- Negotiated Rulemaking on Workforce Pell begins
- ED adds a new “lower earnings indicator” to the FAFSA
- House Committee marks up transparency bills
- Legal settlement will end the SAVE Plan
Negotiated Rulemaking on Workforce Pell begins
On Monday, the Department of Education (ED) kicked off the first negotiated rulemaking table for the Accountability in Higher Education and Access through Demand-driven Workforce Pell (AHEAD) Committee. Announced over the summer, the AHEAD Committee is the second of two tables convened to implement the higher education components of H.R. 1, the “One Big Beautiful Bill” (OBBB) reconciliation legislation. The AHEAD Committee will be tasked with implementing Workforce Pell, the new accountability system that measures the earnings of program completers against a comparison group of high school graduates, and Gainful Employment/Financial Value Transparency regulations.
The December session is focused on Workforce Pell, leaving accountability and GE/FVT to January’s session. Tonjua Williams, president of St. Petersburg College, Florida, is serving as an alternate negotiator for public institutions of higher education. Randy Stamper, associate vice chancellor for career education and workforce programs for the Virginia Community College System, is serving as the primary negotiator for the state higher education officers seat.
As covered by AACC’s Jim Hermes in the Community College Daily, the Department released the draft Workforce Pell regulations that the negotiators that have considered for discussion throughout the week.
At the time of this writing, the negotiations are still ongoing, and no consensus checks have been taken. Open questions remain on calculating placement rates, the timing and structure of calculating the Value-Added Earnings measure, and the process for programs to regain eligibility.
AACC will be providing more detailed information at the conclusion of the session.

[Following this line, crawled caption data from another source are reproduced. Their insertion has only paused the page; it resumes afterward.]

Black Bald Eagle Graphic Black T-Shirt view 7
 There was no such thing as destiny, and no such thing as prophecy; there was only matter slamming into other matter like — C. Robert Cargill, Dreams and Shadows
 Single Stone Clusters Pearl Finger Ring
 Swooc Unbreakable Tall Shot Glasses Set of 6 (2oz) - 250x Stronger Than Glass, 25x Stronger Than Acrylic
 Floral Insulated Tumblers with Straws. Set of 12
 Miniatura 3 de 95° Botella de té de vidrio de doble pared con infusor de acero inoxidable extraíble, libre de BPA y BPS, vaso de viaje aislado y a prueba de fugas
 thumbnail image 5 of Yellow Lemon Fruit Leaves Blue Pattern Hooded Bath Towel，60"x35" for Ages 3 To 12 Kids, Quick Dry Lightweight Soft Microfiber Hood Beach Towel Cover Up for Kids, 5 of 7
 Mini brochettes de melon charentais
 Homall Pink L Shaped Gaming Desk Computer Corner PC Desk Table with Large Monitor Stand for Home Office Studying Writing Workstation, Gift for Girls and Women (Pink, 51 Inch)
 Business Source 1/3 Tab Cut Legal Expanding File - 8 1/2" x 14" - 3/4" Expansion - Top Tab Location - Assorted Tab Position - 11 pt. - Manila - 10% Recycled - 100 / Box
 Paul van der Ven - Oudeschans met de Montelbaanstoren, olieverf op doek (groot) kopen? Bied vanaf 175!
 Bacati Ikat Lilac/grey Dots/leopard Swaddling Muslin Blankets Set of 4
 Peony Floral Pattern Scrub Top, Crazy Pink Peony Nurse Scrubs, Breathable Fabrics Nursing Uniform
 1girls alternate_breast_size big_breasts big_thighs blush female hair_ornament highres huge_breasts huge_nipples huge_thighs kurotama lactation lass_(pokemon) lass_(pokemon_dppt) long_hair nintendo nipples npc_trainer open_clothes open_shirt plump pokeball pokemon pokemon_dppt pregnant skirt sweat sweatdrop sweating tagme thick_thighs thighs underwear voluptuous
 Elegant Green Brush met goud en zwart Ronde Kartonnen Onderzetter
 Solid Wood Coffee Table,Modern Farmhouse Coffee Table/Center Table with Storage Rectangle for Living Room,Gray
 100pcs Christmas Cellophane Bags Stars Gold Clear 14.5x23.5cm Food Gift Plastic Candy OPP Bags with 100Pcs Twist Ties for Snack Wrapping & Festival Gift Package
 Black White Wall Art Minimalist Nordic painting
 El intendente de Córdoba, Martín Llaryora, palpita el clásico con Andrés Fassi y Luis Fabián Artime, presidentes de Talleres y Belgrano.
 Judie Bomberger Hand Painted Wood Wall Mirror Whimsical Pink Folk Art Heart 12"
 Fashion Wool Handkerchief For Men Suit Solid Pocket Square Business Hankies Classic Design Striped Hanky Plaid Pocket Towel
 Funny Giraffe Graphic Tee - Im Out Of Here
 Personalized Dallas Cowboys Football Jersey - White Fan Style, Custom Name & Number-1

If you would like to watch the final day of proceedings, you can register to attend in-person or virtually here.
ED adds a new “lower earnings indicator” to the FAFSA
On Monday, the U.S. Department of Education (ED) announced that the 2026-27 Free Application for Federal Student Aid (FAFSA) will now display information to prospective students on whether the graduates of their selected schools earn more than a comparable cohort of high school graduates.
After completing the FAFSA, a student may see a flag on their FAFSA Submission Summary that states “Some of Your Selected Schools Show Lower Earnings.” The next screen presents information on the median earnings of all schools on the student’s FAFSA, including any that generate lower graduate earnings.
The Scorecard data used to inform the lower earnings indicator measures the median earnings of undergraduate completers, four years after graduation, who are working and are not currently enrolled in a higher education program. These institution-level earnings are then compared to the median earnings of working adults in the state with a high school diploma or less, ages 25 to 34.
The Department has released the full list of earnings data for all undergraduate institutions, including a flag for which schools are currently designated as lower earnings. According to preliminary analyses by the American Association of Community Colleges (AACC), around 1.5 percent of community colleges – or less than twenty community colleges – will be subject to the new lower earnings indicator. For more information, please read our article in the Community College Daily.
House Committee marks up transparency bills
On Thursday, the House Committee on Education and the Workforce marked up four higher education-related bills, including two focused on bipartisan transparency priorities.
First, the Committee considered the Student Financial Clarity Act. Introduced by Rep. Lisa McClain (R-Michigan), the bill aims to standardize financial aid offers made to students, with a host of requirements for institutions on format, definitions, and connections to other resources. While this iteration is a new proposal, standardizing financial aid offers has generated bipartisan interest in Congress for some time.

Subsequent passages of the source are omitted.